Zakeo spends the night with Sekuru. As they fall asleep, Zakeo asks if Sekuru will teach him to hunt. Sekuru replies, “Yes. When the moon becomes your mother’s necklace” (27), certain that Zakeo will be at school the next day.

Story 2 Analysis

Unlike in other stories involving difficult father-son relationships, the relationship between Zakeo and his father is largely defined by its absence. The father exists as a periphery figure, weaving baskets in the background while Sekuru and Zakeo’s mother loom large as the boy’s parental figures. The biggest impediments to Zakeo’s ability to have a healthy relationship with his mother are functions of deeply patriarchal traditions and belief systems in rural Zimbabwe. For example, Zakeo internalizes the messaging he receives from classmates who tell him, “[Y]our father is your mother’s horse. Your mother rides hyenas at night. Your mother is a witch” (22). The accusations of witchcraft are particularly worrisome for Zakeo, who comes to believe that his mother was vaguely responsible for his father’s accident. Again and again in the collection, when bad fortune befalls a man, the wife is reflexively labeled a witch—especially if she is a woman of great beauty. This reflects pervasive male anxieties over women with agency, which are passed on to the youth through the influence of fathers or, in this case, schoolyard bullies.

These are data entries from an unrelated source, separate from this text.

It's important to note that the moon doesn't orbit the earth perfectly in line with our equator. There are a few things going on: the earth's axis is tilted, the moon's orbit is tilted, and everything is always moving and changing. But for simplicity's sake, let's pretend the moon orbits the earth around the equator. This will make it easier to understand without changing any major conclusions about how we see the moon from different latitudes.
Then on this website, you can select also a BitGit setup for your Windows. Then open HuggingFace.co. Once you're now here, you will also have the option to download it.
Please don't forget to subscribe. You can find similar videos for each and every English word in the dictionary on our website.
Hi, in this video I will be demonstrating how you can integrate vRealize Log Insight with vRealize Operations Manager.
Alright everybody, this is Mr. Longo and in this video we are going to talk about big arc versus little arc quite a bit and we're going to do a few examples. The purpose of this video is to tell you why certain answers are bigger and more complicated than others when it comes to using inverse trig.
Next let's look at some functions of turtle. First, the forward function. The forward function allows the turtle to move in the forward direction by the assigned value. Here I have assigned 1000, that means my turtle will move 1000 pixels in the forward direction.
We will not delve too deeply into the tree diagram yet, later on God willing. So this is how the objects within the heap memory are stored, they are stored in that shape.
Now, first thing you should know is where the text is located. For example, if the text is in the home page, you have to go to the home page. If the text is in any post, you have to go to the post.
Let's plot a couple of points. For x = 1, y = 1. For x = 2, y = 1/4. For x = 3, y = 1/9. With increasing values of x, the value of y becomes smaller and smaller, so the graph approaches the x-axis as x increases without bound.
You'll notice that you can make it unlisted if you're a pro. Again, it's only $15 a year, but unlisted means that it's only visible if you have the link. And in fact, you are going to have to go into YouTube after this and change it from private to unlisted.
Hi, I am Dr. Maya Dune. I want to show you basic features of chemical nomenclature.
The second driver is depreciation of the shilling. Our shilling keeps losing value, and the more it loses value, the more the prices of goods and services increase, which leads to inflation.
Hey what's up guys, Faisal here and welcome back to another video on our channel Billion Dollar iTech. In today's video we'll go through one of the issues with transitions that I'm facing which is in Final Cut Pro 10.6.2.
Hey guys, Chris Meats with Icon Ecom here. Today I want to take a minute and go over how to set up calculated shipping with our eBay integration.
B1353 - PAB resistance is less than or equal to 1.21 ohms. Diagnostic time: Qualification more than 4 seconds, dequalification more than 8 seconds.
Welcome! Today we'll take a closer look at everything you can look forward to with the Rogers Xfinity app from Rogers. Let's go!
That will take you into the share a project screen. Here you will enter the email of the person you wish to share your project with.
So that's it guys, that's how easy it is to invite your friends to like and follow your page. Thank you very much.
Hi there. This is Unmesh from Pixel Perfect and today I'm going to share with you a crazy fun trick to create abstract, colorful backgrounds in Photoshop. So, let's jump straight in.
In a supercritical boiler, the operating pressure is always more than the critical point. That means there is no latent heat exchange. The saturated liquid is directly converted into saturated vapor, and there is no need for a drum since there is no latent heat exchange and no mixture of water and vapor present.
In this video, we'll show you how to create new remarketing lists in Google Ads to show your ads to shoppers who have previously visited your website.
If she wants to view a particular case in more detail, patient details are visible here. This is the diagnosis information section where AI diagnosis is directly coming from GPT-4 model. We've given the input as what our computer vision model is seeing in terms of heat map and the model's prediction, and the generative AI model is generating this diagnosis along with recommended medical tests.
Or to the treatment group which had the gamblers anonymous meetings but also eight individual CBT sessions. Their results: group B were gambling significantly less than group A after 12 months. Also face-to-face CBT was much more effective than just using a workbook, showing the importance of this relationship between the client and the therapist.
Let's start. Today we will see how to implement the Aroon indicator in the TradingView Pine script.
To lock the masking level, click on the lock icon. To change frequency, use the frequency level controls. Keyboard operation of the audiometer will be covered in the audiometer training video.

Meanwhile, Sekuru offers a balanced model of masculinity that is traditional without being overly toxic. While Zakeo’s father can only weave baskets—a pursuit that is repeatedly characterized in feminized terms—Sekuru teaches Zakeo to fish and hunt, two activities that his father cannot do because of his injury. At the same time, Sekuru does not chide Zakeo for crying publicly. He also works to disabuse Zakeo of the notion that his mother is a witch. Yet ironically, by encouraging Zakeo to obey his mother and go to school instead of learning to hunt and fish, Sekuru abandons the boy to toxic, patriarchal forces that will only further damage his relationship with his mother and, in the future, with women in general. Unfortunately, the divide between his mother’s modern view of education as the gateway to prosperity and Sekuru’s old-fashioned belief in relying on nature and the land for sustenance cannot be bridged.